Come madre cattolica con un figlio gay voglio parlare a chi ha redatto il Responsum Vaticano sulle benedizioni
Lettera aperta inviata da Maria Cristina, una madre cattolica con un figlio gay, ai padri della Congregazione per la Dottrina della Fede (CDF) che hanno redatto il Responsum sulla benedizione delle coppie omosessuali
Desidero esprimere il mio “GRAZIE” innanzitutto al Signore per aver benedetto con il DONO di questo figlio il nostro matrimonio; dono che sia io che mio marito abbiamo considerato ancor prima del concepimento, giusto e perfetto in quanto dono di Dio e Lui è sempre giusto e perfetto.
Grazie inoltre a mio figlio per avermi fatto conoscere una realtà per me sconosciuta, mai osteggiata ma ignorata e lasciata ai margini (e di questo chiedo perdono): avvicinandola mi si è aperto un mondo, è cambiatolo sguardo.
E non mi riferisco solo agli omosessuali cristiani LGBT ma anche agli altri, a quelli che hanno smesso di frequentare la Chiesa perché troppo sofferenti per farlo e per superare il peso di sentirsi etichettare come “intrinsecamente disordinati”.
Mio figlio è fra questi ultimi ed io da anni prego lo Spirito perché infonda in lui la saggezza e la capacità di superare quella sofferenza.
Quando nostro figlio nella tarda adolescenza ha dovuto fare i conti con l’accettazione, molto travagliata, della propria omosessualità, sentendosi rifiutato all’interno della Chiesa se ne è allontanato anche se, per fortuna, non dai principi cristiani che noi come famiglia abbiamo cercato di trasmettergli con i limiti delle nostre capacità ma chiedendo sempre l’aiuto dello Spirito.
Studiando Sant’Agostino e la sua vita ho poi “scoperto” Santa Monica, madre tenace, che ha dedicato la sua vita alla preghiera ed alle opere pie con l’intento di smuovere le pietre che ostacolavano la conversione del figlio.
L’ho eletta mia “aiutante” in cielo e ogni giorno prego la sua intercessione per il ritorno di mio figlio in seno alla Chiesa.
Quando però ho letto il Responsum mi è venuto spontaneo, nonostante questa mia preghiera, dire GRAZIE al Signore perché mio figlio ne è ancora al di fuori e gli è così stata risparmiata questa ulteriore ferita.
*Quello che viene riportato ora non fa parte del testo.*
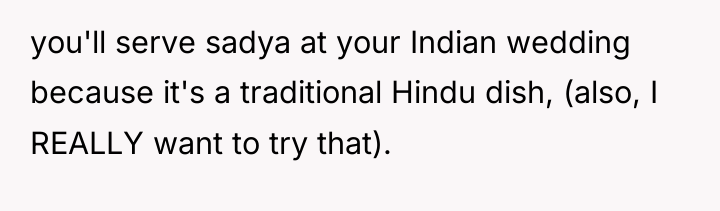 you'll serve sadya at your Indian wedding because it's a...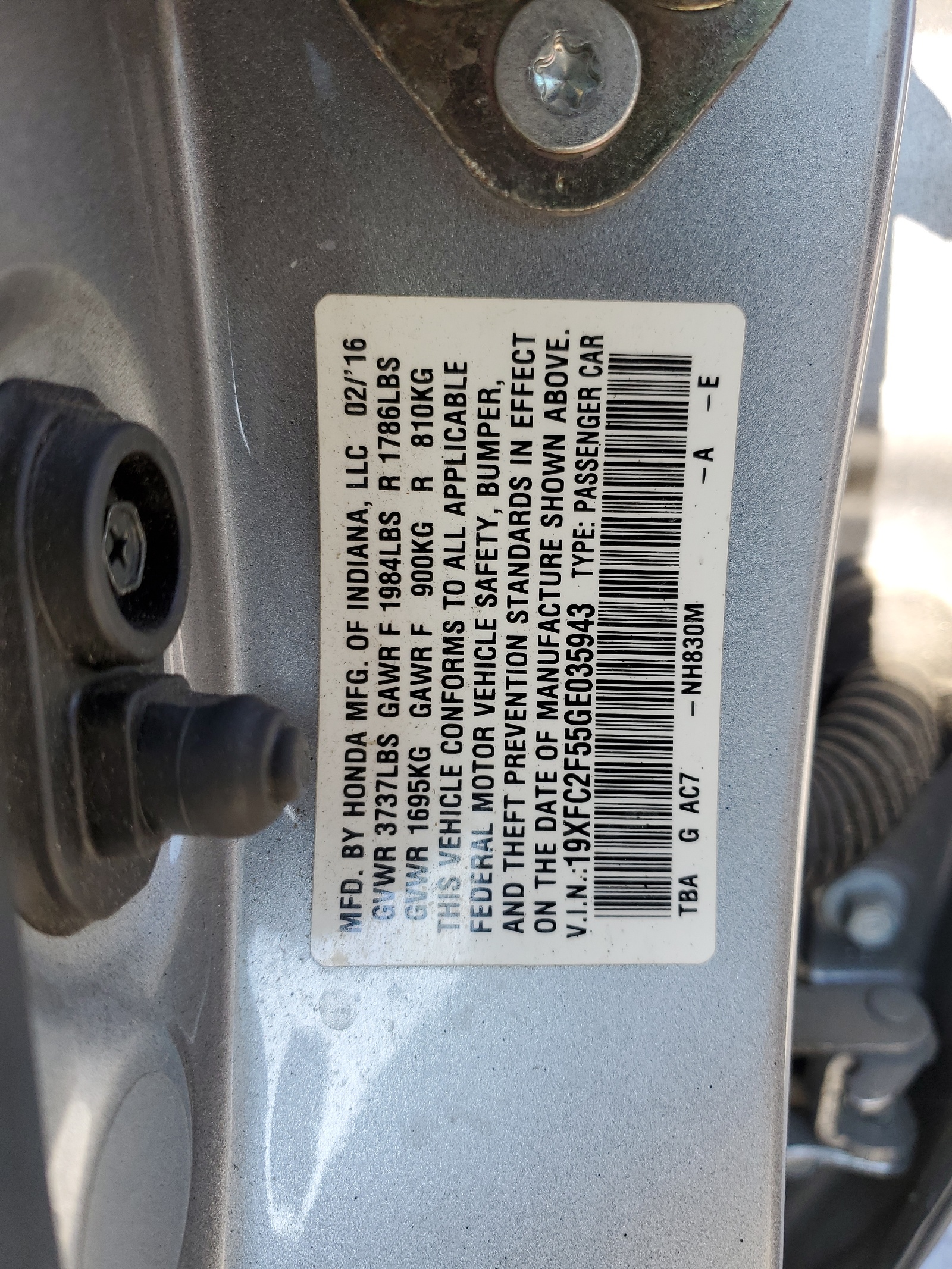 19XFC2F55GE035943 2016 Honda Civic Lx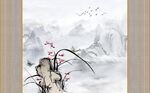 山水画新中式背景墙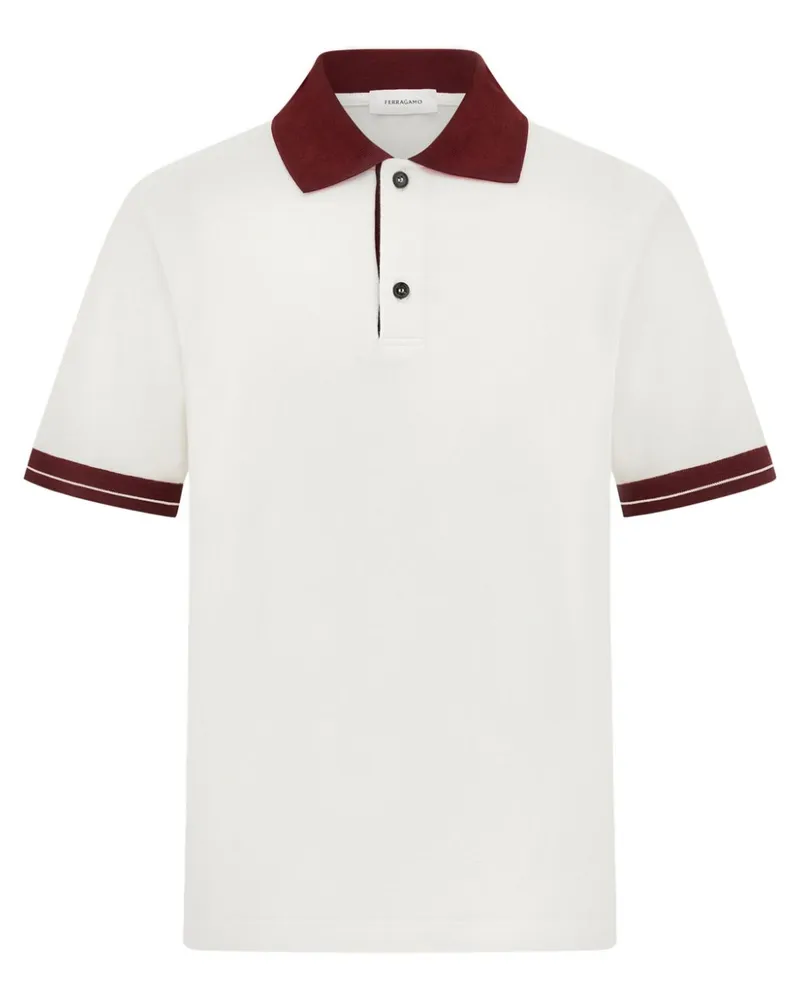 Ferragamo Poloshirt mit Logo-Stickerei - Weiß Weiß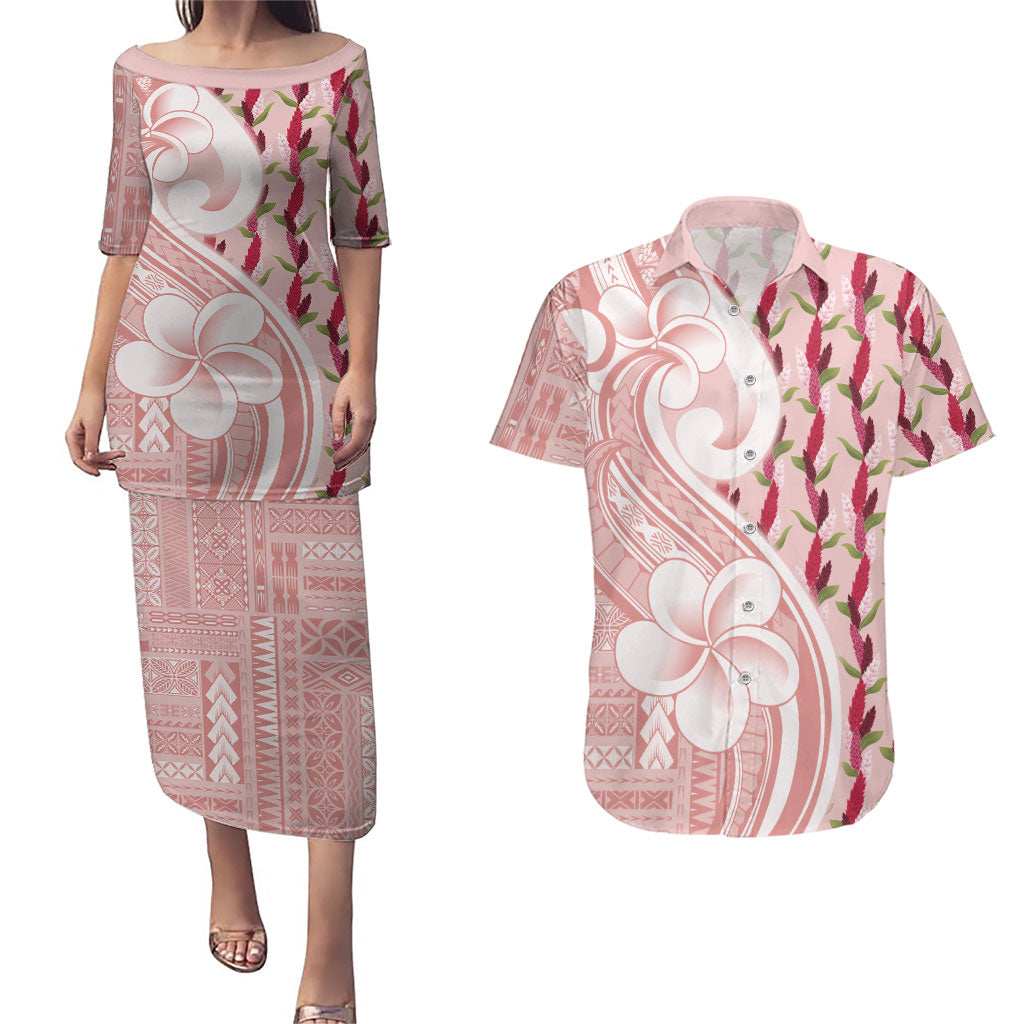 Samoa Teuila Couples Matching Puletasi and Hawaiian Shirt Pink Samoan Siapo Motifs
Come ho detto, mi sono avvicinata da anni a gruppi di ragazzi e ragazze cristiani LGBT, di cui insieme ad un gruppo di genitori con figli omosessuali mi considero un po’ “mamma”.
Dopo il Responsum ho visto questi ragazzi e ragazze soffrire atrocemente; li ho visti umiliati, schiacciati e ancora una volta non accolti nella loro oggettiva condizione esistenziale, ricordiamocelo, mai scelta né desiderata.
In seguito però ho assistito, con ammirazione, alla capacità che la maggior parte di loro ha avuto di superare con la forza della FEDE la “mazzata” che hanno subito proprio nei giorni antecedenti la Pasqua.
Ho rivisto in loro le ferite inferte a Gesù, le derisioni e gli oltraggi di chi non capiva la vera natura del suo AMORE.
Li ho visti anche “risorgere” con grande forza e luminosità, magari con tristezza e delusione ma senza rancore né rabbia né odio, proprio come ha fatto Gesù: questo anche grazie all’aiuto di molti genitori e alla vicinanza di sacerdoti e suore che in questi anni li hanno accompagnati nel loro cammino anche come coppie.
Voglio sperare che tra coloro che si spendono per la Dottrina ci sia qualcuno che possa, anche avvicinandoli e conoscendoli, riconoscere che l’AMORE, quello vero fra due persone pur dello stesso sesso, l’AMORE che si propone fedeltà, cura reciproca, progetto di crescita umana e cristiana e di servizio alla comunità è sempre una BENEDIZIONE di Dio per quelle persone e per l’intera comunità.
L’ultimo GRAZIE è per voi, cari padri, perché credo che alla base del Responsum ci siano state da parte vostra delle intenzioni che partano da una sincera ricerca del bene oggettivo ma nel mio cuore mi auguro di poter assistere un giorno ad una migliore comprensione della lettura di questa realtà, magari partendo dalle scienze umane che, come sono illuminate dalla Parola di Dio, così possano a loro volta illuminarla.